Governor Jerry Brown, a Democrat, has not said publicly whether he supports the bill, which he has 12 days to sign or veto once it reaches his desk later this month. If he takes no action, the measure would become law automatically. …
California already requires public schools to teach the contributions made to society by women and by racial and ethnic groups that were historically discriminated against, such as blacks, Latinos and Native Americans.
Supporters of the latest bill said it would simply include gays, lesbians, bisexuals and transgender individuals in that existing requirement, making it part of the curriculum in history and other social studies classes.
“It’s unfair to leave out or exclude an entire portion of our population from history,” said Carolyn Laub, executive director of San Francisco-based Gay-Straight Alliance Network.
Remember the days when we just taught history and civics and worried more about whether our children acquired the necessary skills in civics to be informed citizens able to responsibly act in self-governance, before we turned history and civics classes into check boxes for various victim castes? Good times, good times.
Meanwhile, the minor, multibillion-dollar problem in budgeting still threatens to push California into default. The Los Angeles Times reports that one reason California can’t pay its bills is because more than 1400 of its employees make over $200,000 per year, putting them into the same range as a Vice President of the United States.

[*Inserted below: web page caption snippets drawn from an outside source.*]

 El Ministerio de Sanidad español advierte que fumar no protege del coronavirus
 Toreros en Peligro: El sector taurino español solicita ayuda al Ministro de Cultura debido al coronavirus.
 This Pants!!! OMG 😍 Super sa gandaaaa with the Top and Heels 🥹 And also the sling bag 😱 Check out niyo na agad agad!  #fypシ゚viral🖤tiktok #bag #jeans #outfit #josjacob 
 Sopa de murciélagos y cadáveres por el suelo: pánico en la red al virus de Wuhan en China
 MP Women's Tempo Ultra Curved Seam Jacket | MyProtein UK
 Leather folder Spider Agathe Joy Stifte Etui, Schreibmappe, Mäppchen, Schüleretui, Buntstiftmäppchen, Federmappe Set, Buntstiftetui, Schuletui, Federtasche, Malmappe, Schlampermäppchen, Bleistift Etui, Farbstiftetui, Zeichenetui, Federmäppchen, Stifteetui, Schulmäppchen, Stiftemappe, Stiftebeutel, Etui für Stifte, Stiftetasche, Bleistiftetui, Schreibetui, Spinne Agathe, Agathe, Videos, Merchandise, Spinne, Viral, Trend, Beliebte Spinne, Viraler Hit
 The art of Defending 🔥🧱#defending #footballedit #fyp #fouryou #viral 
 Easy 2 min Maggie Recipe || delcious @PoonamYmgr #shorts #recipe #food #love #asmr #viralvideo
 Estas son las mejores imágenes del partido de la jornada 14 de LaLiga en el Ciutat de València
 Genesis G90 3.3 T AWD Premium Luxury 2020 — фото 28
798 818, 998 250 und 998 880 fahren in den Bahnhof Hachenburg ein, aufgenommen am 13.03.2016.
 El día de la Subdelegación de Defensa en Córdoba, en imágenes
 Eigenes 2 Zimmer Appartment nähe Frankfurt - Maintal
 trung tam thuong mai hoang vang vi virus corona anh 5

All of which brings to mind Victor Davis Hanson’s great essay from January on “The Bloomberg Syndrome,” which while named after the meddling Big Government nanny on the opposite side of the country who wants to micromanage hit citizens’ lives, but can’t seem to get the snow plowed during tough winters*, seems universally applicable to nanny states everywhere
For the last three years, California has managed through poor governance to simultaneously achieve the highest deficits in the nation; the highest combination of income, sales, and gas taxes; the best-paid teachers; and among the lowest school test scores in the country. After failing along with the legislature to balance budgets, improve the schools, lower taxes, trim state expenditures, and deal with millions of resident Mexican nationals without diplomas, English-language skills, or legal status, Gov. Arnold Schwarzenegger reinvented himself as a globally celebrated green-action hero of the solar, wind, and alternative-energy lobbies.
His outgoing legacy is a $25 billion budget deficit waiting for the newly inaugurated governor, Jerry Brown, along with all sorts of fresh environmental regulations imposed in recessionary times on a struggling private sector that is often unprofitable or on the verge of leaving the state. So Schwarzenegger left office with a 22 percent approval rating and a high-profile schedule of engagements speaking to green groups as a heroic environmental celebrity.
It is a human trait to focus on cheap and lofty rhetoric rather than costly, earthy reality. It is a bureaucratic characteristic to rail against the trifling misdemeanor rather than address the often-dangerous felony. And it is political habit to mask one’s own failures by lecturing others on their supposed shortcomings. Ambitious elected officials often manage to do all three.
The result in these hard times is that our elected sheriffs, mayors, and governors are loudly weighing in on national and global challenges that are quite often out of their own jurisdiction, while ignoring or failing to solve the very problems that they were elected to address.
Quite simply, the next time your elected local or state official holds a press conference about global warming, the Middle East, or the national political climate, expect to experience poor county law enforcement, bad municipal services, or regional insolvency.
This latest gesture by Sacramento is yet another example of that worldview in action.
* Apropos of nothing, I thought “Snowfalls are now just a thing of the past,” thanks to global warming, an issue that obsesses both Jerry and Mike, as it allows for nearly unlimited government micromanagement in the name of “science.” But what’s happening with global warming itself in California?